Published: Thu 4 Jun 2009, 9:51 AM

Last updated: Thu 2 Apr 2015, 8:48 AM

The shortest form of the game has endured a brief, dramatic and sometimes controversial life ever since it was launched as a radical plan to resuscitate English county cricket in 2003.

“The game in England had been associated with the middle-class and the middle-aged. White males,” said Stuart Robertson, who was the England and Wales Cricket Board’s marketing manager at the time and credited with being the brains behind the new format.

“But we discovered that there was a vast potential audience of women and children. And younger men too, aged between 16-34.”

Twenty20 has been accused of ignoring tradition and destroying technique, but unlike many aspects of the modern game, it plays to full houses with the kind of dizzying razzmatazz and lucrative TV deals which would have seemed impossible when the first international was staged in February 2005.

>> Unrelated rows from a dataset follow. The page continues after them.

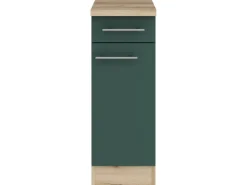 OPTIFIT Savona405 Küchen-Unterschrank 30 cm Steingrün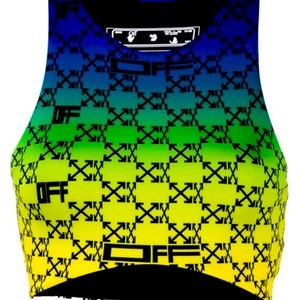 Never worn, off white new with tags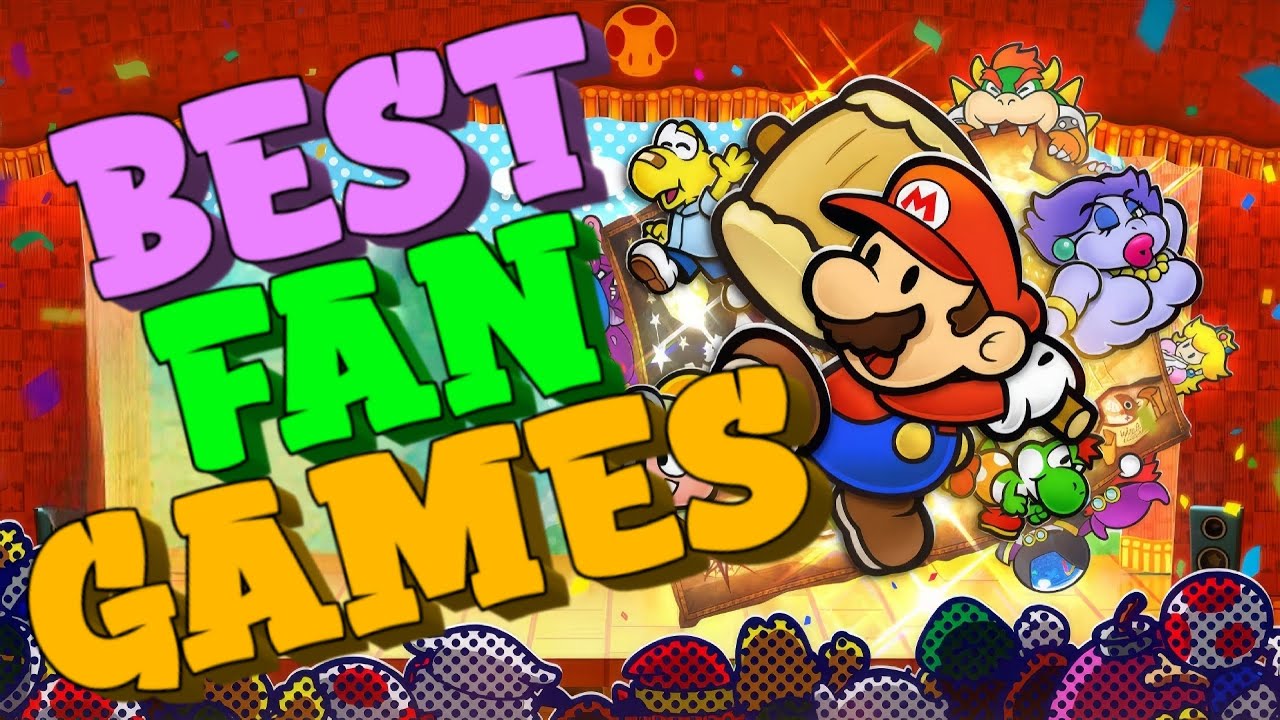 🌟 BEST FAN GAMES ⬜ ШЕДЕВРЫ ФАНАТСКОГО ИГРОСТРОЯ 🌟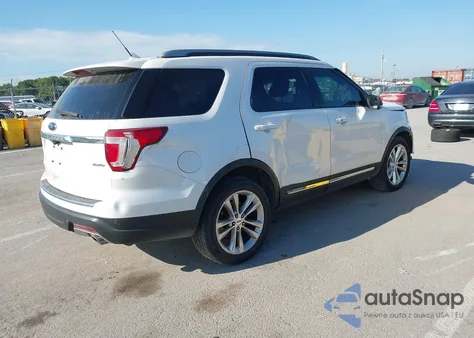 2018 Ford Explorer Xlt from USA, damaged, VIN 1FM5K8D82JGA17062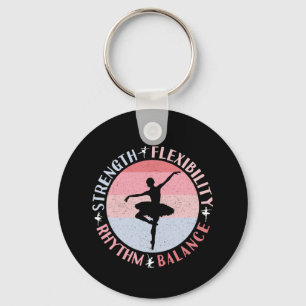 Llavero Bailarina Bailarina de Ballet - Valores de Mentali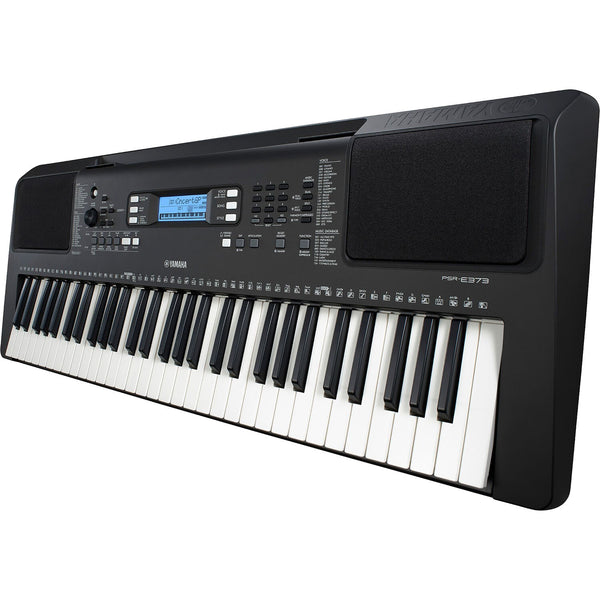 Yamaha SR-E373 電子オルガン 61鍵盤 Yamaha PSR-E373 61-key Portable Arranger Keyboard | Music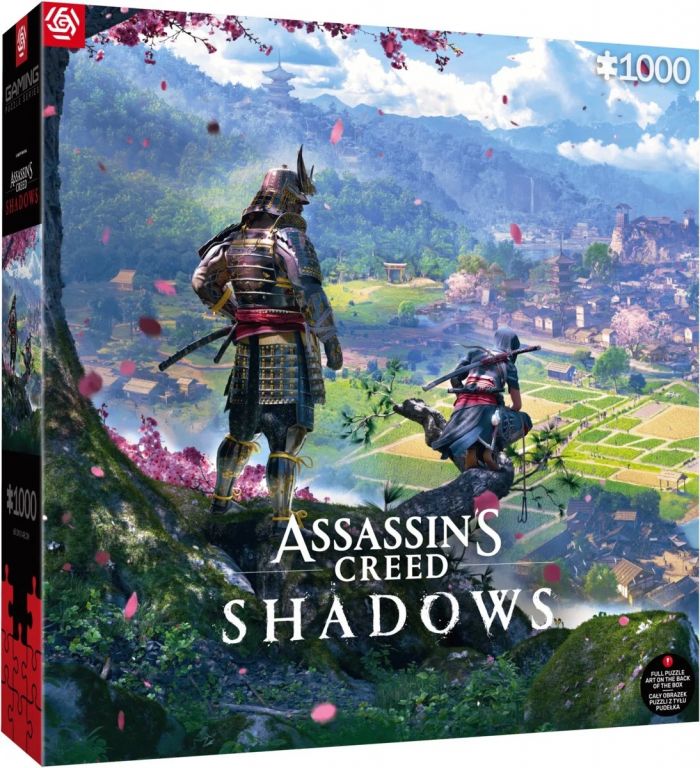 Пазл GoodLoot Assassin’s Creed Shadows Vista of Japan 1000 ел.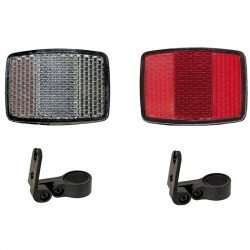 Kerékpár első-hátsó prizma MTB Sportszer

That was in Auckland where Australia and New Zealand opted to dress in 1980s gear and sported fake moustaches and beards.

Australia won the game, but few took it seriously.

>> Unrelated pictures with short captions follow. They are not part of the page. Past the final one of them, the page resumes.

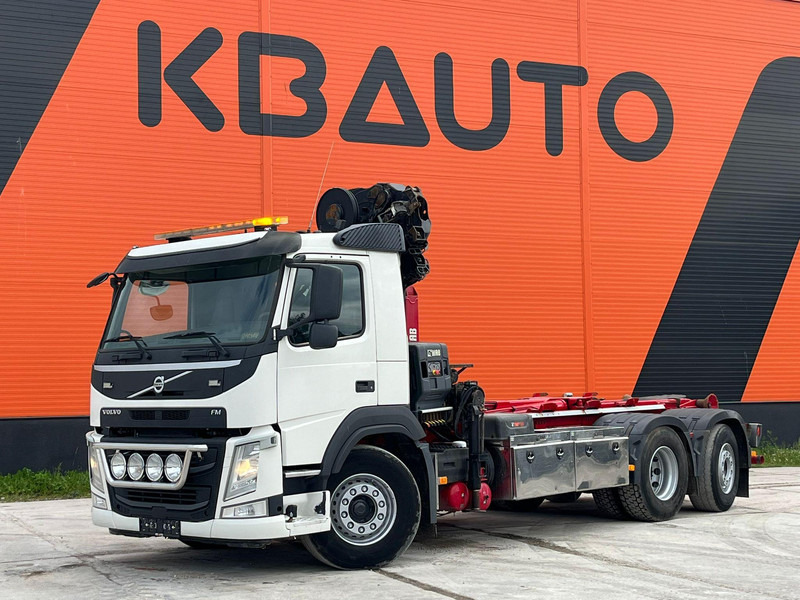 Volvo FM 330 6x2*4 HIAB 192E-5 / HIAB XR 18 ton / L=5100 mm - 吊钩升降车, 起重车:图2 Volvo FM 330 6x2*4 HIAB 192E-5 / HIAB XR 18 ton / L=5100 mm - 吊钩升降车, 起重车:图2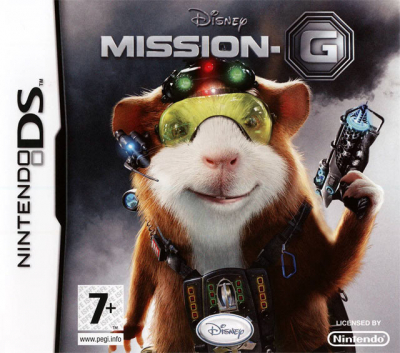 Pochette Mission G version DS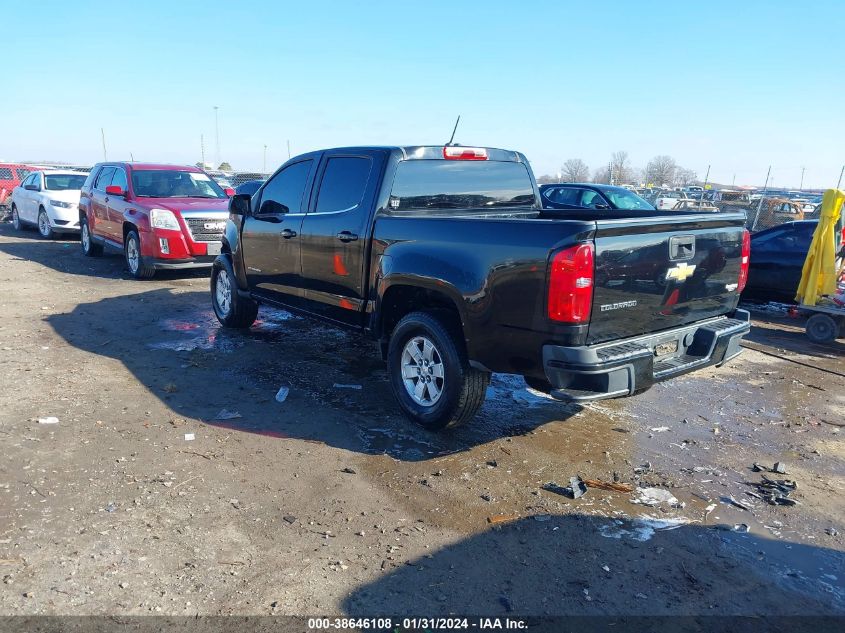 2015 CHEVROLET COLORADO - 1GCGSAE36F1254039
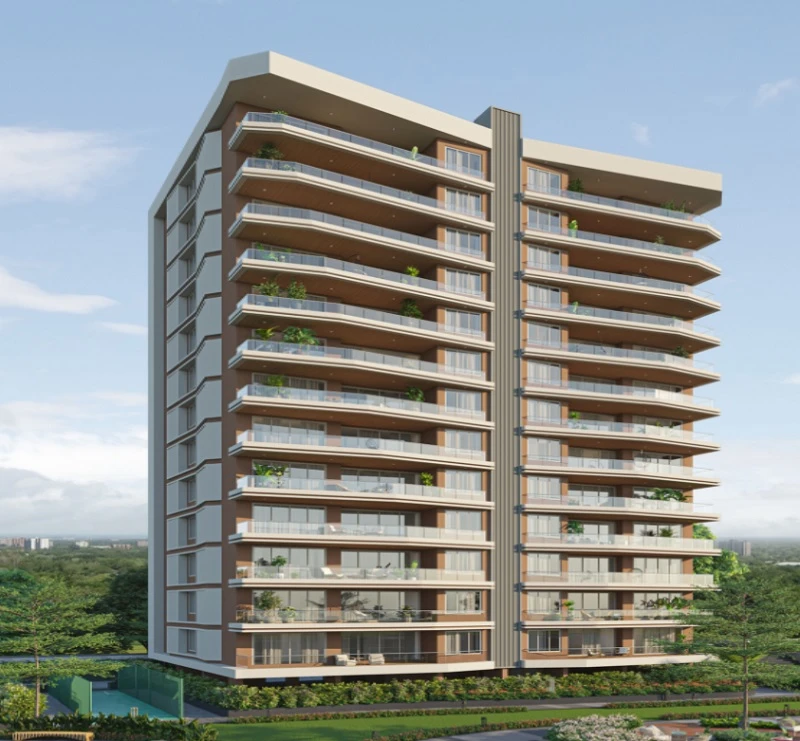 5 BHK Apartment for Sale in Avadh Bertina, Vesu   , Surat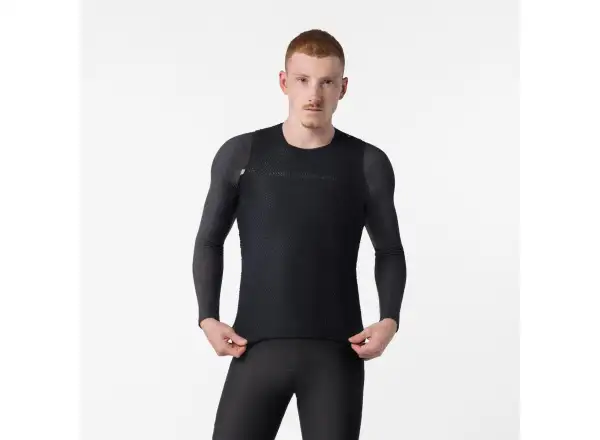 Castelli Gold Days pánská prostřední vrstva bez rukávů Black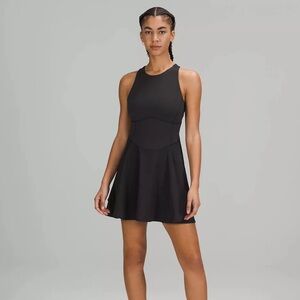 NWT lululemon Court Crush Dress Black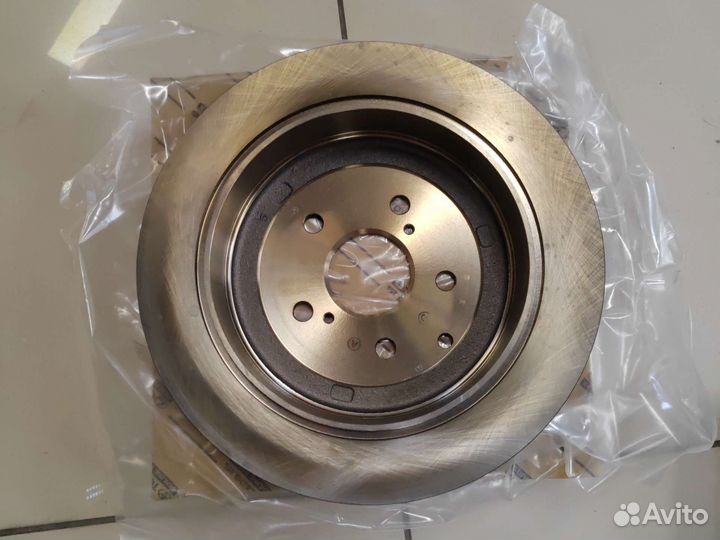 Задние тормозные диски toyota higtlander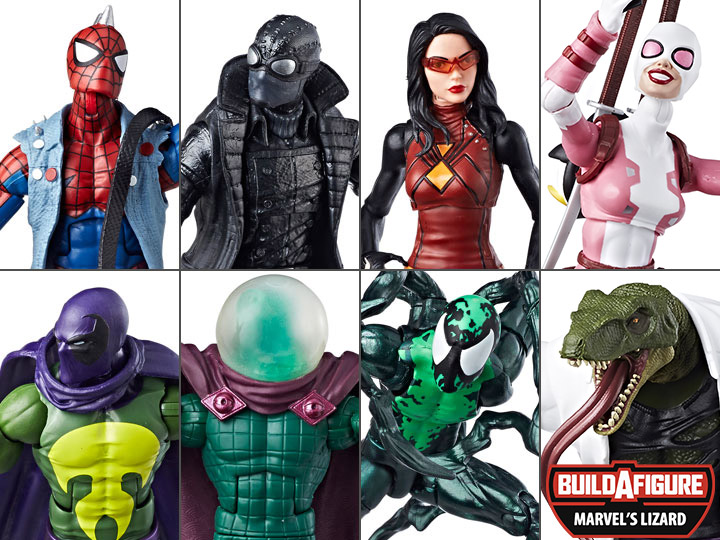 マーベルレジェンドリザードビルド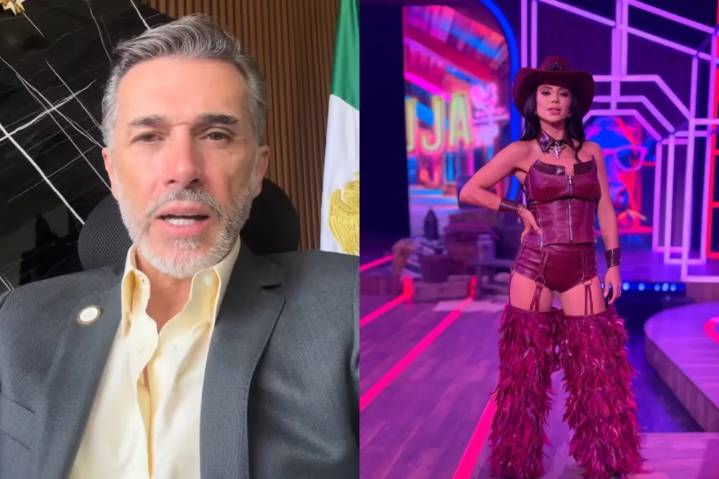 Sergio Mayer amenaza con demandar a Ferka por hablar de su hijo y su ex Natalia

Two years later, people stopped laughing as South Africa hosted the first World Twenty20 which India, the financial powerhouse of the sport, clinched after beating bitter rivals Pakistan in the final.

The format has made millionaires of some players, mostly through the Indian Premier League (IPL) which only two weeks ago completed its second tournament.

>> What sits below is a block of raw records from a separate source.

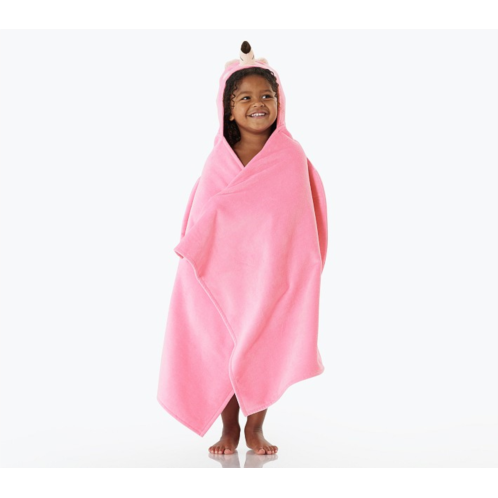 Potterybarn Flamingo Kid Hooded Towel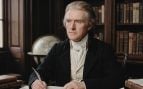 Thomas Jefferson. Imagen generada con IA.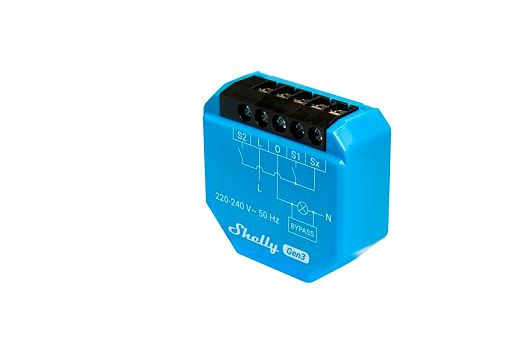 Shelly Unterputz ''2L Gen3'' WLAN BT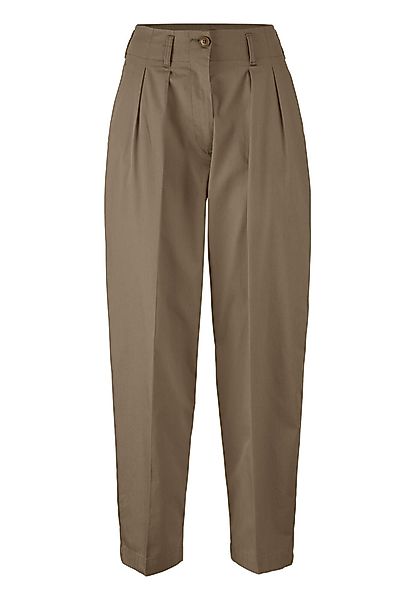Hessnatur Stoffhose aus Bio-Baumwolle (1-tlg) günstig online kaufen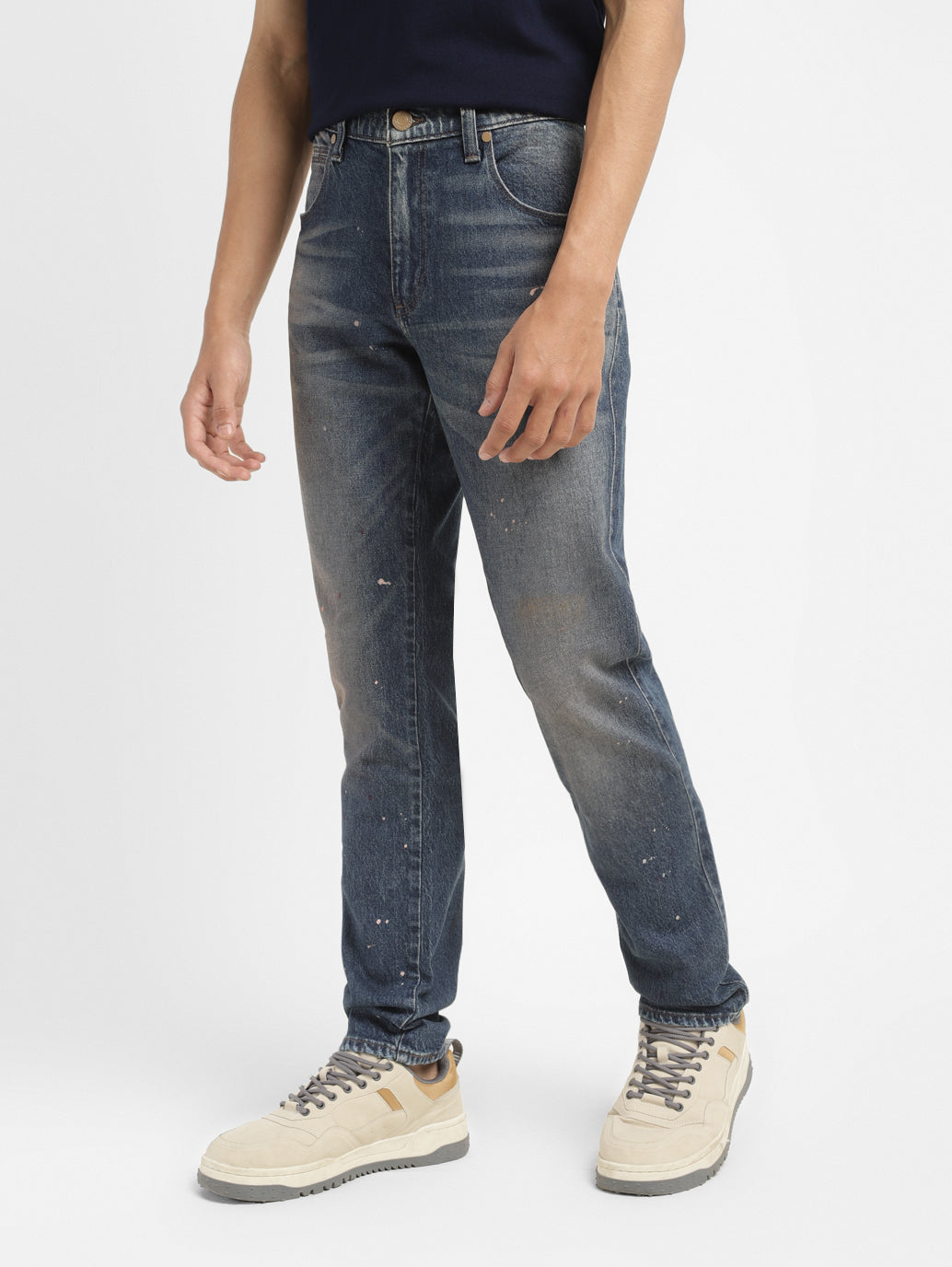 Men's 511 Mid Indigo Slim Fit Mid Rise Jeans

IPL commissioner Lalit Modi has dismissed talk that the growth of such tournaments was leading to an overkill of Twenty20 cricket.

“We’ve just finished a study in South Africa that showed 70 percent of the people who watched the IPL this year had never watched any form of cricket before,” said Modi.

Despite the giant shadow cast by the IPL, the event does have its detractors.

Australia captain Ricky Ponting, who sat out the 2009 IPL but will lead his team at the World Twenty20, expressed his concerns over the money on offer in the IPL as well as the rebel Indian Cricket League.

“Unless a balance is achieved, I could see some countries’ teams declining in the way Zimbabwe’s sides have struggled over the past few years,” said Ponting recently.

The World Twenty20 is being played at three of England’s most famous grounds - Lord’s, The Oval and Trent Bridge with the final to be staged at Lord’s on June 21.

India, whose administrators were originally hostile to Twenty20 because they feared its commercial impact upon the 50-over game, welcome back nine members of their 2007 title-winning squad.

Left-armer Rudra Pratap Singh, who took 12 wickets in South Africa, will be supported this time around by Zaheer Khan and Ishant Sharma.

Pakistan, starved of international cricket at home after a terror attack on the Sri Lanka team bus in Lahore in March made the country a ‘no-go zone’, will fancy their chances of going one better this time around.

However, their confidence took a battering on Wednesday when they slumped to a demoralising nine-wicket defeat to India in a warm-up game at The Oval.

Australia have dominated all forms of cricket during the last decade except Twenty20 and Ponting is determined to improve both his and the team’s record.

“The past couple of games I’ve played have been very poor,” he said. “In the two games in South Africa I made one in each. It’s not great form going into a World Cup.”

Sri Lanka and New Zealand have repeatedly punched above their weight in international tournaments and could do so again. In fact, Sri Lanka boast the world record score in the format, 260-6 against Kenya in 2007.

South Africa, who won both of their two previous Twenty20s against Australia, are desperate to add a one-day title to set alongside their achievements in winning Test series in both England and Australia during the past 12 months.

Bangladesh and Ireland, who have both enjoyed shock wins on the global stage in the past, will dream of further upsets.